State agencies have it. Providers now say they want it, too.
"It" is information on what ails people in their communities, people who traditionally used public agencies but are gravitating to the private sector for their care.
Provider and managed-care organizations are gearing up to serve the total needs of Medicaid populations and employees under capitated premium arrangements. That puts a premium on gathering all the information they can about their patients and on catching preventable problems.
Increasingly, states are mobilizing to package the data they have on individuals and populations.

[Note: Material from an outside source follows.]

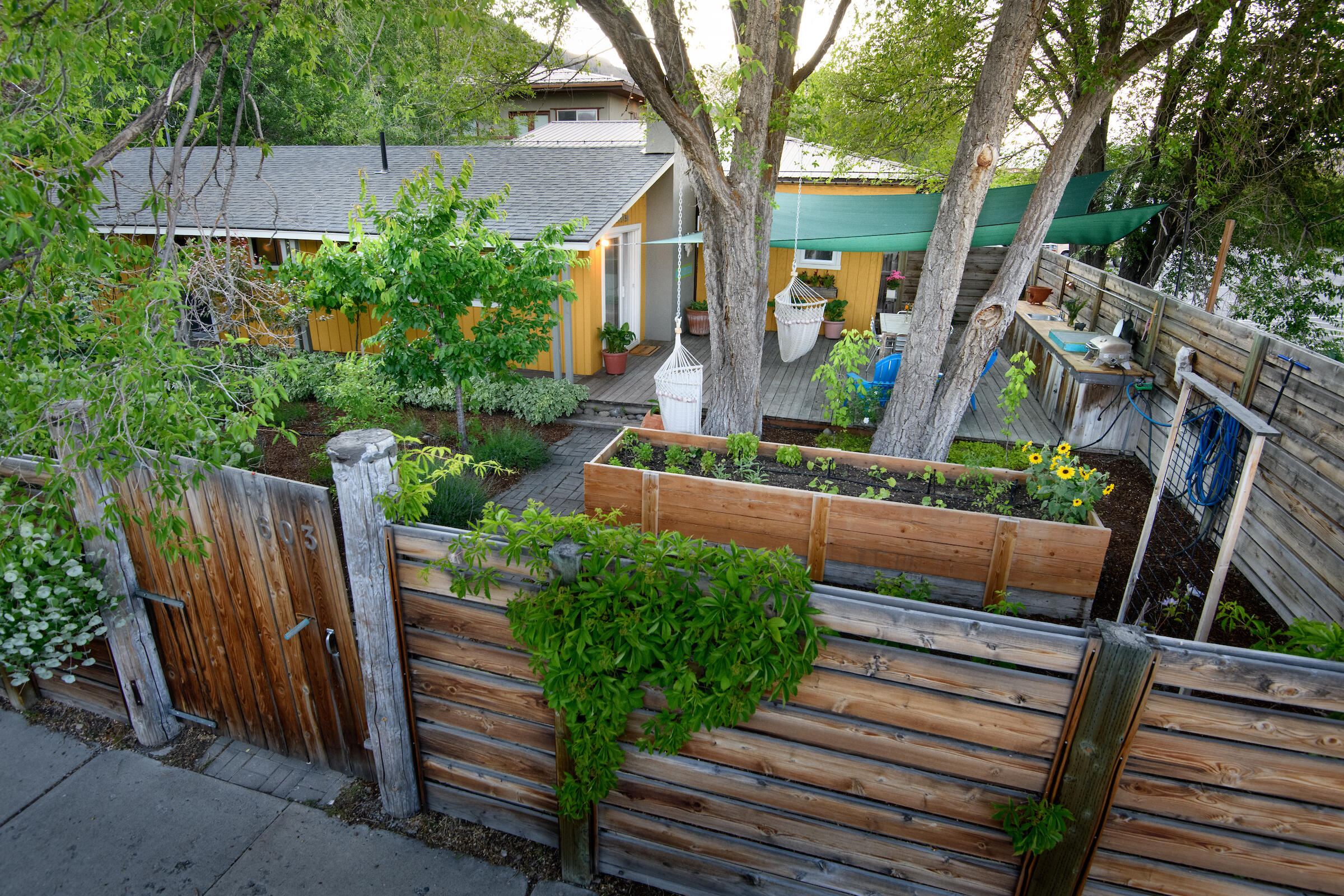 Hailey, Idaho 83333, United States, 2 Bedrooms Bedrooms, ,1 BathroomBathrooms,Residential,Active,160160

They are integrating isolated healthcare data into accessible, comprehensive information networks, says Daniel Mendelson, a vice president with the Lewin Group, a Fairfax, Va.-based health research and consulting firm.
Government health and social services departments have long been responsible for collecting data on everything from maternal and child health services to immunizations and communicable diseases, from details of birth to causes of death, he says.
But exploiting that data was a treasure hunt just to find what was contained within an archipelago of agencies. Then it became a bureaucratic adventure to shake the information loose and hammer it into usable form.
Even within state government, data sources have been fragmented and separate, making it tough for one agency to gain from another's data-gathering efforts, Mendelson says.
But the advent of new technologies, such as computer networks and the World Wide Web, has created mechanisms to integrate databases and streamline the release of information for consumers, policymakers and health professionals, he says.
What's happening. In the May/June issue of Health Affairs, the Lewin Group reported on information initiatives. Among projects up and running:
The Georgia Division of Public Health publishes weekly updates of 40 diseases that must be reported to the state, such as meningitis, salmonella and sexually transmitted diseases. A Web-based information system allows searching of a database for reported cases of any of the 40 conditions by location, demographics and time ranges. In addition, the system added birth and death certificate information to the Web site at the end of May, covering 1993 to 1995.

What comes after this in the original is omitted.